§ Exercise input:
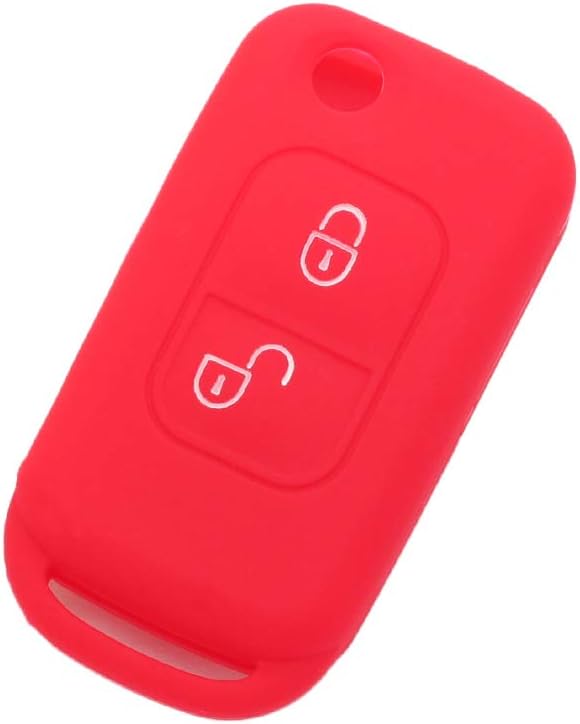 SEGADEN Silicone Cover Protector Case Holder Skin Jacket Compatible with MERCEDES BENZ 2 Button Flip Remote Key Fob CV9952 Black image 5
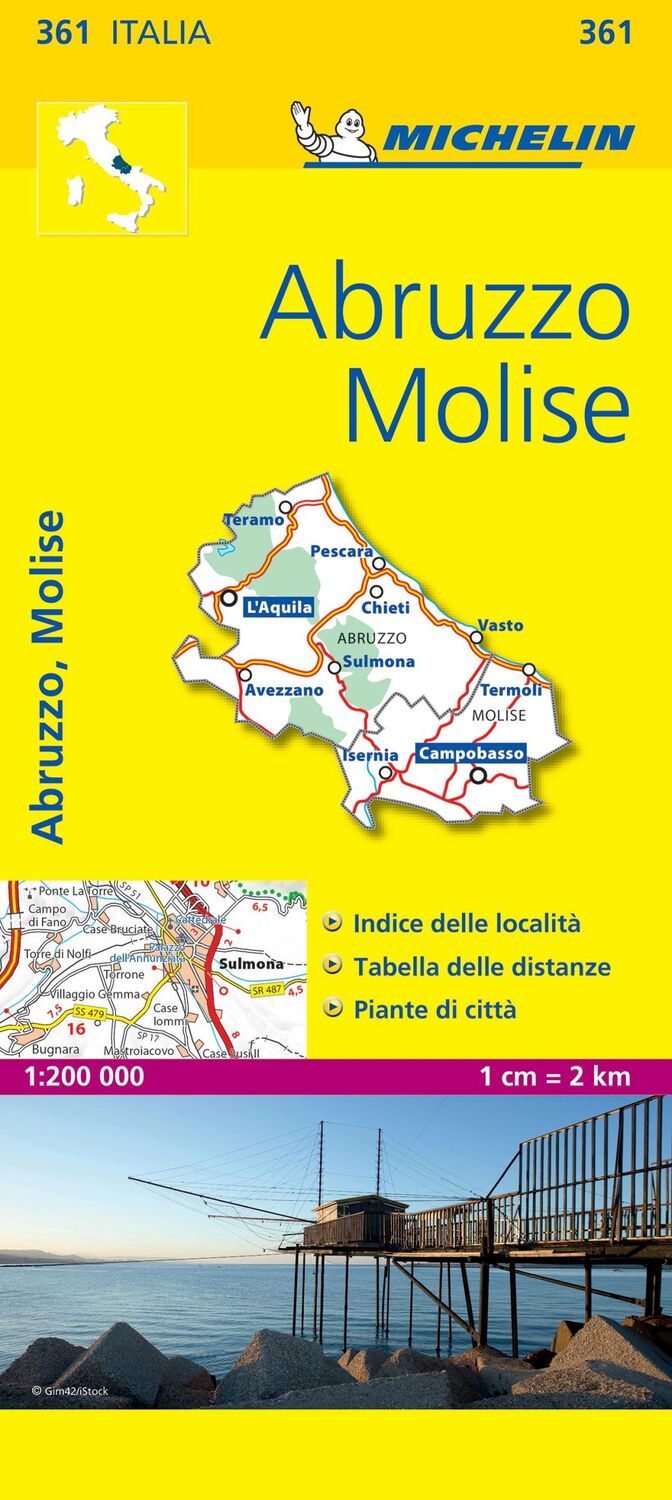 Cover: 9782067126701 | Abruzzo &amp; Molise - Michelin Local Map 361 | Map | Michelin | Englisch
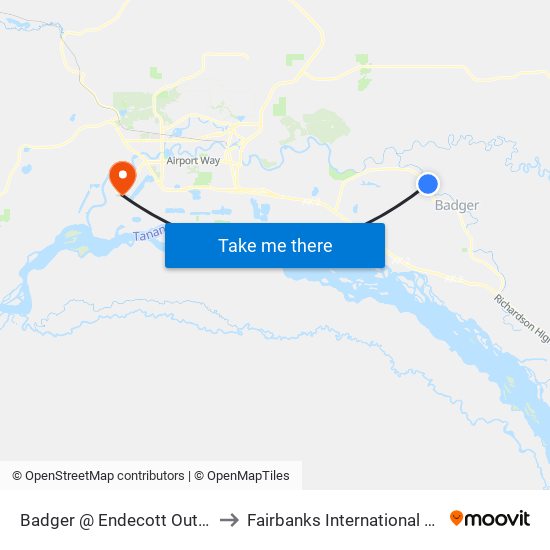 Badger @ Endecott Outbound to Fairbanks International Airport map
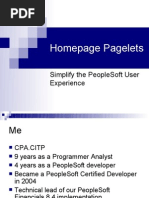 Creating and Using PeopleSoft Homepage Pagelets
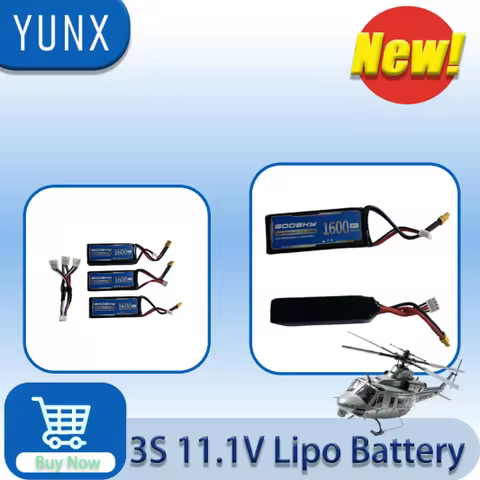 11.1V 1600mAh 30C Lipo Battery for GOOSKY E2 GPS UH-1Y RC Helicopter High-Performance Spare Part Acc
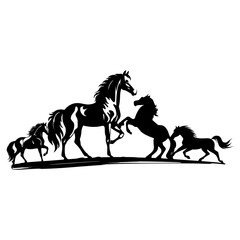 horses  silhouettes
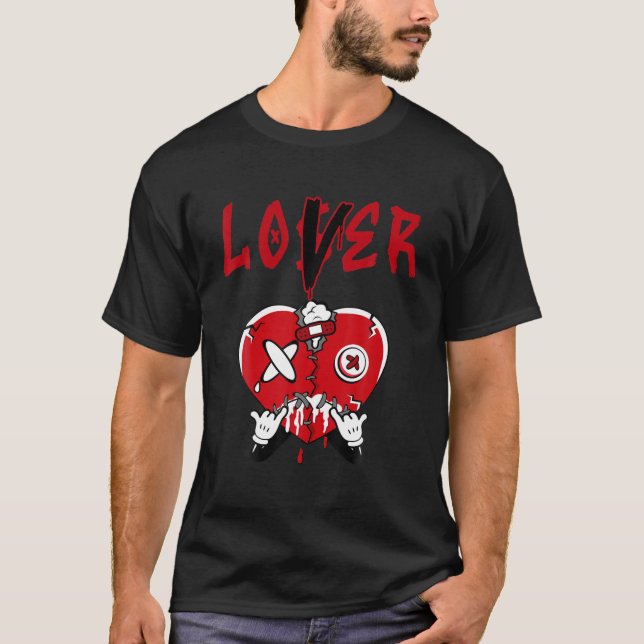 T-shirt 4 Tonneau Rouge Rétro Pour Correspondre Loser Love (Devant)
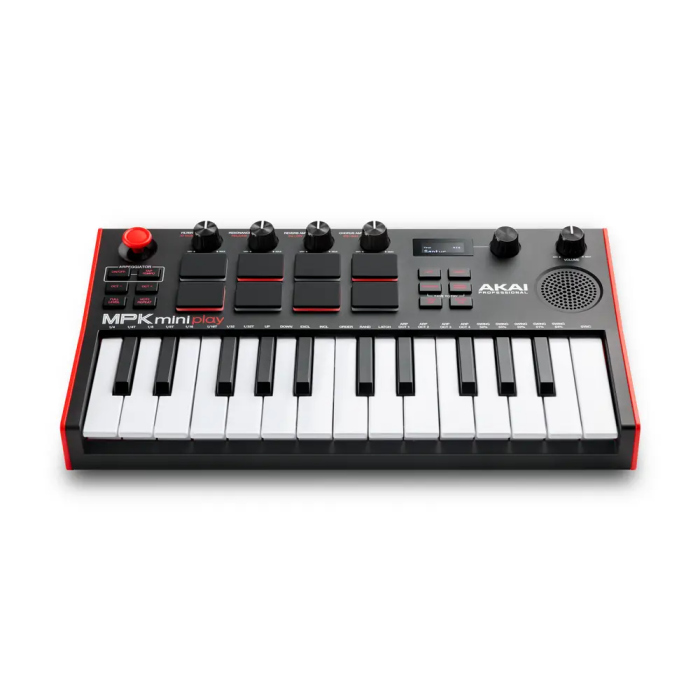 Akai MPK Miniplay Mk3 Teclado Controlador USB con Altavoz Integrado, 25 Miniteclas Sensibles a la Velocidad, Pads MPC Retroiluminados, Pantalla OLED y Arpegiador 1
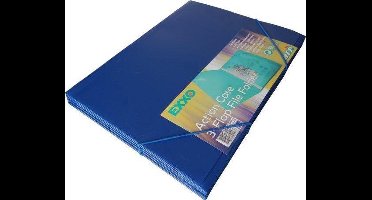 EXXO-HFP #51228 - A4 Elastomap met 3 Kleppen - Transparant Polyprop - Marine Blauw - 5 stuk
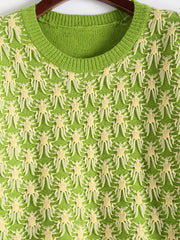 Jacquard Long Sleeve Knitwear Women's Plus Casual Pullover Sweater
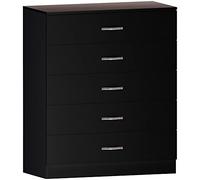 Home Discount Vida Designs Cómoda cajones Baúl Negro, 5 Asas y Corredores de Metal, Soporte único antiarco, Muebles de Dormitorio Riano, Plata, Black, H 90cm x W 75cm x D 36cm
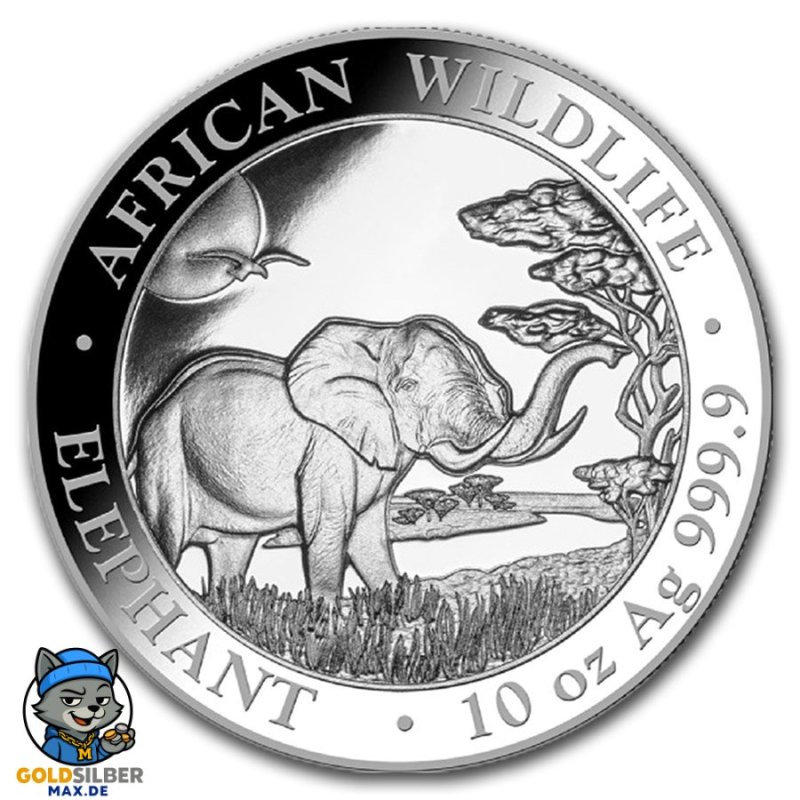 10 Unze oz Silber Somalia Elefant 2019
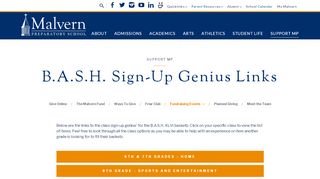 
                            5. Malvern Prep | B.A.S.H. Sign-Up Genius Links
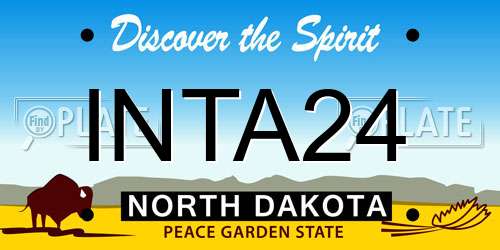 INTA24 North Dakota License Plate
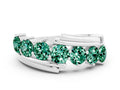 Round Green Sapphire Wave Band in Silver with Channel and Shared Prong Setting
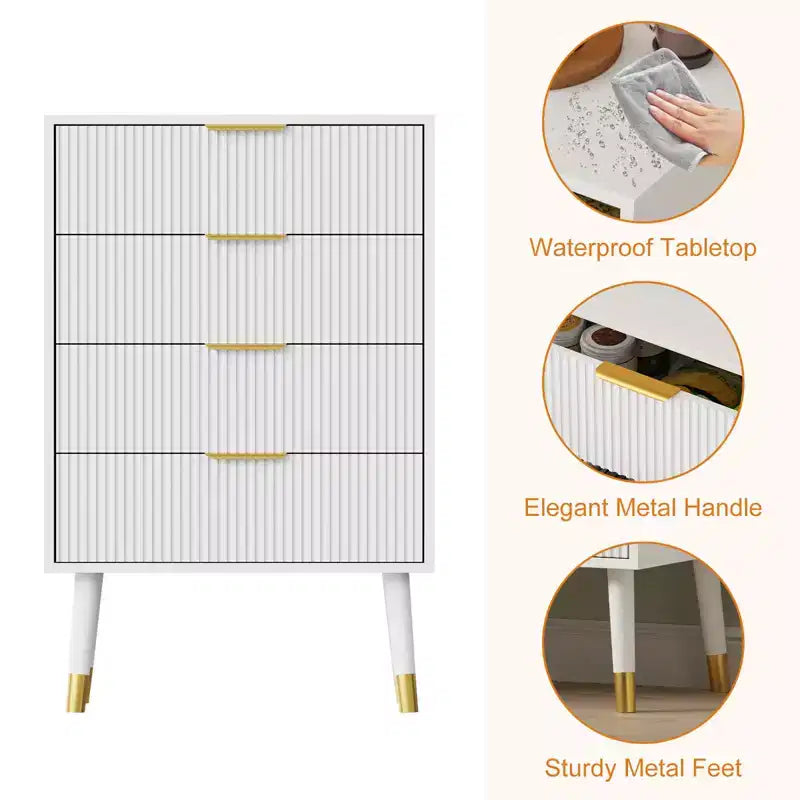 Modern Small Fluted 4 Drawer Dresser with Gold Handle for Bedroom, Nightstand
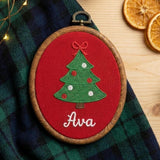 Custom Name Christmas Ornament, Embroidered Tree Hoop Hanging, Neutral Gingham Xmas Decor, Personalized Baby Holiday Keepsake Gift 2026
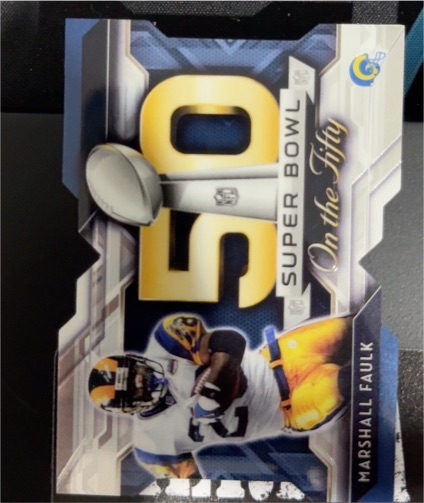 2015 Topps Chrome Super Bowl 50 Die-Cut #SBDC-MF Marshall Faulk — front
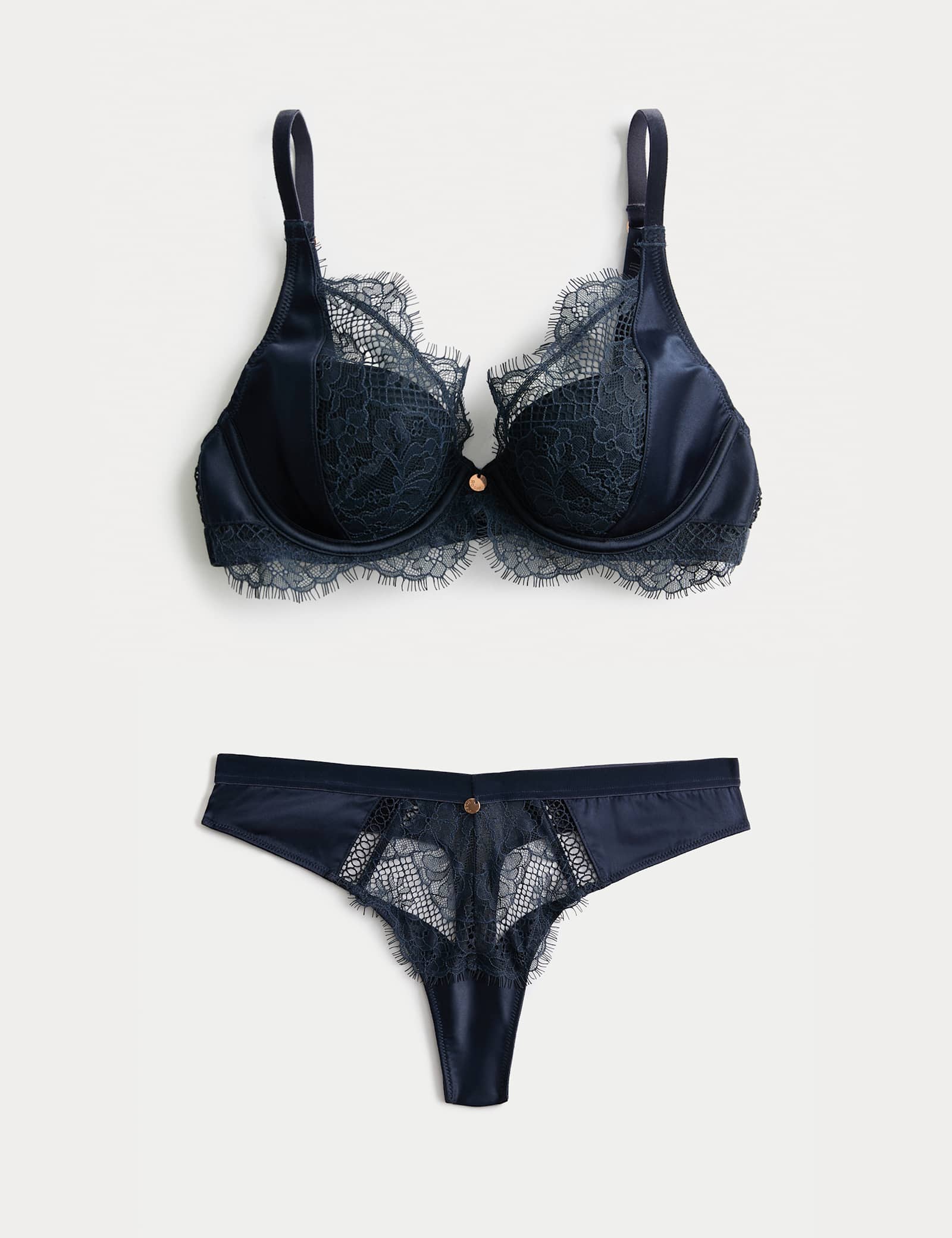 Saffron Satin & Lace Wired Plunge Bra Set A-E - image 2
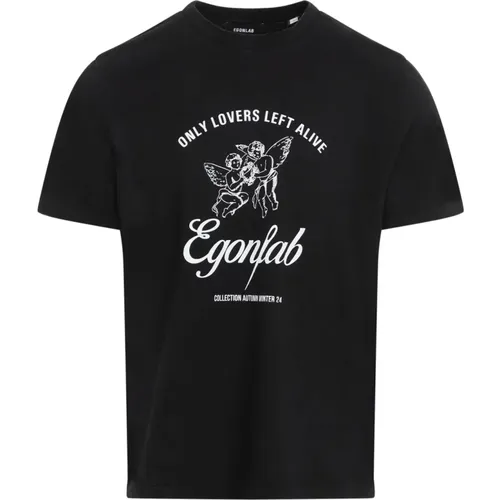 Schwarzes Zerstörtes Lovers T-Shirt , Herren, Größe: L - EgonLab - Modalova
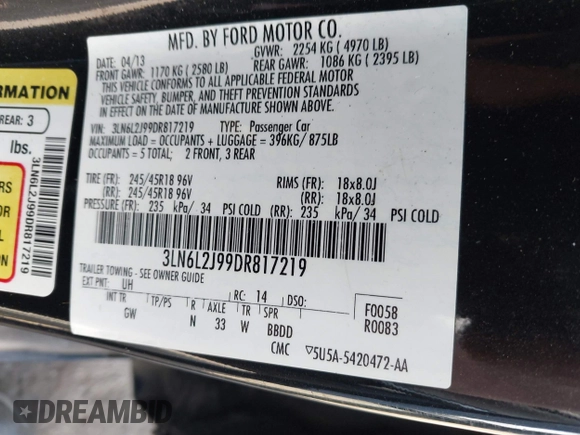 2013 Lincoln MKZ with VIN 3LN6L2J99DR817219, listed as a IAAI auction lot 42503896 with 98,757 mi miles and . Bid and sale history available at DreamBid. Image 9.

§ What you are asked to do:
Nothing but the lines from the line with "Home Discount Vida" through the last line of the listing should be copied, exactly and with both ends kept. Leave pictures out.

§ Exercise result:
 Home Discount Vida Designs Cómoda cajones Baúl Negro, 5 Asas y Corredores de Metal, Soporte único antiarco, Muebles de Dormitorio Riano, Plata, Black, H 90cm x W 75cm x D 36cm
 10 Unze oz Silber Somalia Elefant 2019
                            5. Malvern Prep | B.A.S.H. Sign-Up Genius Links
 INTA24 North Dakota License Plate
 Round Green Sapphire Wave Band in Silver with Channel and Shared Prong Setting
 Modern Small Fluted 4 Drawer Dresser with Gold Handle for Bedroom, Nightstand
 Custom Name Christmas Ornament, Embroidered Tree Hoop Hanging, Neutral Gingham Xmas Decor, Personalized Baby Holiday Keepsake Gift 2026
 2015 Topps Chrome Super Bowl 50 Die-Cut #SBDC-MF Marshall Faulk — front
 Saffron Satin & Lace Wired Plunge Bra Set A-E - image 2
 Schwarzes Zerstörtes Lovers T-Shirt , Herren, Größe: L - EgonLab - Modalova
 2013 Lincoln MKZ with VIN 3LN6L2J99DR817219, listed as a IAAI auction lot 42503896 with 98,757 mi miles and . Bid and sale history available at DreamBid. Image 9.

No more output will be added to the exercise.